Créer sa marque de produits de beauté est un rêve pour beaucoup de passionné·e·s de cosmétiques. De nouveaux entrepreneurs se lancent alors dans l’aventure, sans forcément d’expérience dans le secteur cosmétique. Même accompagnés, ils peuvent commettre des erreurs, notamment sur le plan réglementaire. Cécile Gouzon, la fondatrice d’ABCG Formation, met en garde contre celles qu’elle observe le plus souvent.
Le DIP
La première erreur pour les créateurs de marques cosmétiques est d’avoir un Dossier d’Informations Produit (DIP) incomplet, voire complètement absent pour les moins informés.
Le dossier d’informations produit est, comme son nom l’indique, un dossier regroupant toutes les informations sur un produit cosmétique. Il s’agit d’un élément obligatoire et indispensable qui peut être réclamé à tout moment par les autorités comme la DGCCRF à la Personne Responsable de la mise sur le marché, généralement la marque. Un DIP absent ou incomplet est punissable de 15 000€ d’amende et un an d’emprisonnement (article L5431-6 du Code de la Santé publique).

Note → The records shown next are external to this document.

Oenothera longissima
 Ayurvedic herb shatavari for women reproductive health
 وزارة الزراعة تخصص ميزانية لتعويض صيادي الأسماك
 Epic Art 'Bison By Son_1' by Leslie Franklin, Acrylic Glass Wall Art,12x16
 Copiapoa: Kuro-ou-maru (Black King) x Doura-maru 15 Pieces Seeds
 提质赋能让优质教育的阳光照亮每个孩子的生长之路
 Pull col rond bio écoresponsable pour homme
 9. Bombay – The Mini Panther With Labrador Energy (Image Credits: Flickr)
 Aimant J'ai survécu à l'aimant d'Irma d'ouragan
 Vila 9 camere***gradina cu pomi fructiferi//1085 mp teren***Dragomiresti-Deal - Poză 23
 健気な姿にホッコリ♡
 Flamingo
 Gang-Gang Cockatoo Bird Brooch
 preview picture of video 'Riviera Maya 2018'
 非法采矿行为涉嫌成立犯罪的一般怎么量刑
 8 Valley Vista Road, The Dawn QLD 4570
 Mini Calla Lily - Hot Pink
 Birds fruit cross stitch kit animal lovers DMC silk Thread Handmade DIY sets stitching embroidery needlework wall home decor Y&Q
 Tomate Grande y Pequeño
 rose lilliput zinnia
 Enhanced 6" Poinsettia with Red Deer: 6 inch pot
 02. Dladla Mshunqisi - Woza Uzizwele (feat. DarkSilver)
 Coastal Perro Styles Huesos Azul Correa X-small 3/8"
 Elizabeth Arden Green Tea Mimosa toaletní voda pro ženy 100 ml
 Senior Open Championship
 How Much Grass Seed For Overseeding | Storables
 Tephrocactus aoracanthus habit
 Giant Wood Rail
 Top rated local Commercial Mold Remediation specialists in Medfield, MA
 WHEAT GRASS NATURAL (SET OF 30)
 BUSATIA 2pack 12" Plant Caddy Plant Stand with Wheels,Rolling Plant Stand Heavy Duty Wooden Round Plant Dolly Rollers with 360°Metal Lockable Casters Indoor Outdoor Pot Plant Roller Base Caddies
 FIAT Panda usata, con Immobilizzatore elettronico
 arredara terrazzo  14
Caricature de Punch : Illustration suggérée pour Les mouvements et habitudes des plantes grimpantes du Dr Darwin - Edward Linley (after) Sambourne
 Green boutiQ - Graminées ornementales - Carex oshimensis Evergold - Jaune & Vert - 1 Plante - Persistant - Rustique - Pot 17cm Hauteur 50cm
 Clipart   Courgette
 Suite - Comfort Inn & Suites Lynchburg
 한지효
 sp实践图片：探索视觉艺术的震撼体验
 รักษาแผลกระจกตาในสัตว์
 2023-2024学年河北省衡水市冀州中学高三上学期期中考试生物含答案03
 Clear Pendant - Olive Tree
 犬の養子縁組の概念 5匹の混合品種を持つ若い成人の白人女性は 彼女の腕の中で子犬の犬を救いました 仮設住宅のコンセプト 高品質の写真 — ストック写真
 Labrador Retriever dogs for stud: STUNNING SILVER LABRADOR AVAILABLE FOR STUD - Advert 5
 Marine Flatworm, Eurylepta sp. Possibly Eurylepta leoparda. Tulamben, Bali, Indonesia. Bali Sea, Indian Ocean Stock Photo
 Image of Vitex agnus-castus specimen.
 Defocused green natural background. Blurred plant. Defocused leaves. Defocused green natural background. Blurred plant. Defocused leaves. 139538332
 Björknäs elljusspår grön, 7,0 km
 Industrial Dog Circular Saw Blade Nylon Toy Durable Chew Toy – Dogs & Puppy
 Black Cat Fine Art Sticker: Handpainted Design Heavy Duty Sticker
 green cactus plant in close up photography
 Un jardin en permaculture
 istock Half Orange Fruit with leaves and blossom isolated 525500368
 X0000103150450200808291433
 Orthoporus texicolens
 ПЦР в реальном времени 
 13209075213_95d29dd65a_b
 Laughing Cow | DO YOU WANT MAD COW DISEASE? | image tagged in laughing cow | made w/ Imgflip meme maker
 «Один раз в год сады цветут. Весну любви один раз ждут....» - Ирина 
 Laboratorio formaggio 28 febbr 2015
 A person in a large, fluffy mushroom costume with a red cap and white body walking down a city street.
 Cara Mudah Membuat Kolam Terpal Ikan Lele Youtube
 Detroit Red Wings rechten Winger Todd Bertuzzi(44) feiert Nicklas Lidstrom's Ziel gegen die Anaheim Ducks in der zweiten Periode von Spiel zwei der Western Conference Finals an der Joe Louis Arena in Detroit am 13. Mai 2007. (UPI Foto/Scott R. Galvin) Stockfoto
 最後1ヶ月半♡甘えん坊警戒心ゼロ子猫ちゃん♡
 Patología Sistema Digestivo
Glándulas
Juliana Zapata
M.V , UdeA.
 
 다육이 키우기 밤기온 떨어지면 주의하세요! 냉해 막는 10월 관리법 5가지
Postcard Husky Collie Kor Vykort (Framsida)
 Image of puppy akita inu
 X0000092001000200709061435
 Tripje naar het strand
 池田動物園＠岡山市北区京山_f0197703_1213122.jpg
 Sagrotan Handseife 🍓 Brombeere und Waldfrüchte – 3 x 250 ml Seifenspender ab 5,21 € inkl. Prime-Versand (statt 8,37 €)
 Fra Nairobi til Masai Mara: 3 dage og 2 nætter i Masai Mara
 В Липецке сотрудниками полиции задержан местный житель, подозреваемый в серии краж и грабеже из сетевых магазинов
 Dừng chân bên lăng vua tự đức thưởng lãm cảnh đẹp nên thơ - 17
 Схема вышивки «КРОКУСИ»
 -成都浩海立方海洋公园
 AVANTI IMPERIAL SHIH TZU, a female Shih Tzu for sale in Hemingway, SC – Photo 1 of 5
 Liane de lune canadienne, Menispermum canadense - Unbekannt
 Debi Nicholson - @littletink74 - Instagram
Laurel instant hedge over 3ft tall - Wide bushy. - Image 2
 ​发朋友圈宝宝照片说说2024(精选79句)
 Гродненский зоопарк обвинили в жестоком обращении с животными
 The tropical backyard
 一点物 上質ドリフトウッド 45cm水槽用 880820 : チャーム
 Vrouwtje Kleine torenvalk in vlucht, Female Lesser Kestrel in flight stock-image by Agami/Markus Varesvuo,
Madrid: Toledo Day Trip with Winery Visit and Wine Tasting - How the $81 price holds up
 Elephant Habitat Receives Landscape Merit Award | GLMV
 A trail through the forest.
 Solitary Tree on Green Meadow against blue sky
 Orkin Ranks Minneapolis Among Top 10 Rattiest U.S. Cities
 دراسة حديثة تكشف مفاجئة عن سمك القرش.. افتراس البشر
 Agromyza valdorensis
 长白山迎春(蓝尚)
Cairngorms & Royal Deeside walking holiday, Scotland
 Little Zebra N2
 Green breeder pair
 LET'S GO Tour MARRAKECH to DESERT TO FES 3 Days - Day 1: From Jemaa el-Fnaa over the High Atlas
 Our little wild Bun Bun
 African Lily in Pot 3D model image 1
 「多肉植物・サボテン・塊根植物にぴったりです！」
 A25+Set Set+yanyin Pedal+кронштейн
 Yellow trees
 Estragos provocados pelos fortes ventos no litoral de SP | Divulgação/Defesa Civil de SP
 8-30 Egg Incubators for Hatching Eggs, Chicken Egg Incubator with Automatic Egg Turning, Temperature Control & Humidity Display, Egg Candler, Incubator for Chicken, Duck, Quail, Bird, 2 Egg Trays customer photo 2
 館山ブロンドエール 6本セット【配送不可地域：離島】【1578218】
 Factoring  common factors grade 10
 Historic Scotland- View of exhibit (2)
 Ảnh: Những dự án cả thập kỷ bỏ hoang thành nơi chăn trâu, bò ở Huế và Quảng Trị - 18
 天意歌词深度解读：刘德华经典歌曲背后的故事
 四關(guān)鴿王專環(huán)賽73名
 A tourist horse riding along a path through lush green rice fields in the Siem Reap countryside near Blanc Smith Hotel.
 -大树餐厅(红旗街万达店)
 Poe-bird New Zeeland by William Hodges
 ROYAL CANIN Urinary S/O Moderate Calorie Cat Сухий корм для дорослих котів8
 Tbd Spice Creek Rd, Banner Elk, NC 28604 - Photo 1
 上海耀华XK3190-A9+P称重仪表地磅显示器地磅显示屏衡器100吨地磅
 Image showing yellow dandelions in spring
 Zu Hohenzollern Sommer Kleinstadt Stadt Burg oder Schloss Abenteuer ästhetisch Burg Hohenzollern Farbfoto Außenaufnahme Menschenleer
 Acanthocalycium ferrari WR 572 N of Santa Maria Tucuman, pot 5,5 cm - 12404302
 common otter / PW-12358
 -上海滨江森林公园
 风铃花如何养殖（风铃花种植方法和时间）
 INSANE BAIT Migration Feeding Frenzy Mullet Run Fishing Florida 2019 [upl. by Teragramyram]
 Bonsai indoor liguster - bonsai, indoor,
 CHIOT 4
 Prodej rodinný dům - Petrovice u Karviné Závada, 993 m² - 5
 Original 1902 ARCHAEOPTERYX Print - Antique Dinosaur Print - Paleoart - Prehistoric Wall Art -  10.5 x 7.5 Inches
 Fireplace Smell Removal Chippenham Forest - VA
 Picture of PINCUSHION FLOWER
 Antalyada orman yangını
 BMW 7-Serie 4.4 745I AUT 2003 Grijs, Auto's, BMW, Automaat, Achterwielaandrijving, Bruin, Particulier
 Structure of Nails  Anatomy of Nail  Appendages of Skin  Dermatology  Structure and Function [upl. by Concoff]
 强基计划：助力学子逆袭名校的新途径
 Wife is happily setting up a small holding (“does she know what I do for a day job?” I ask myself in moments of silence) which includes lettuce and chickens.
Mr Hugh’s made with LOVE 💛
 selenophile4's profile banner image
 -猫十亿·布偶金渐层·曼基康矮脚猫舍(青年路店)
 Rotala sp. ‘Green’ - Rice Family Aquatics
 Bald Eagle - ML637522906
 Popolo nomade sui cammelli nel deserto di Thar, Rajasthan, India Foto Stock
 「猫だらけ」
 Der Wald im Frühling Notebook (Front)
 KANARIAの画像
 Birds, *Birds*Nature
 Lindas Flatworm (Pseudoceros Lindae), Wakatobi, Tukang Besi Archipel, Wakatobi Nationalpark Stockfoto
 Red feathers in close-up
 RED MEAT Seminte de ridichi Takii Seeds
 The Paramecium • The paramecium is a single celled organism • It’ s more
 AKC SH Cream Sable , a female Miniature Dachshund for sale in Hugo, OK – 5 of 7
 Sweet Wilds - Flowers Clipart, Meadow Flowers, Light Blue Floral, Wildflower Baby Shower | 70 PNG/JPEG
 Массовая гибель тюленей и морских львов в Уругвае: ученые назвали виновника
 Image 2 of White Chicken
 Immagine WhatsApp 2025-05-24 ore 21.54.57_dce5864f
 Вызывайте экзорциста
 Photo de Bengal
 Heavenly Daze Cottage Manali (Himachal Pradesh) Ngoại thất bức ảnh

Le DIP contient l’ensemble des données disponibles sur le produit, tels que la formule quantitative, les informations sur le packaging, l’étiquette, les tests de stabilité et compatibilité, le challenge test, le test d’irritation cutanée, l’évaluation de la sécurité, l’attestation de conformité aux Bonnes Pratiques de Fabrication, les preuves des allégations avancées, les cas de cosmétovigilance, etc. Ce DIP doit donc être complet dès la mise sur le marché du produit, et mis à jour régulièrement au cours de la vie du produit.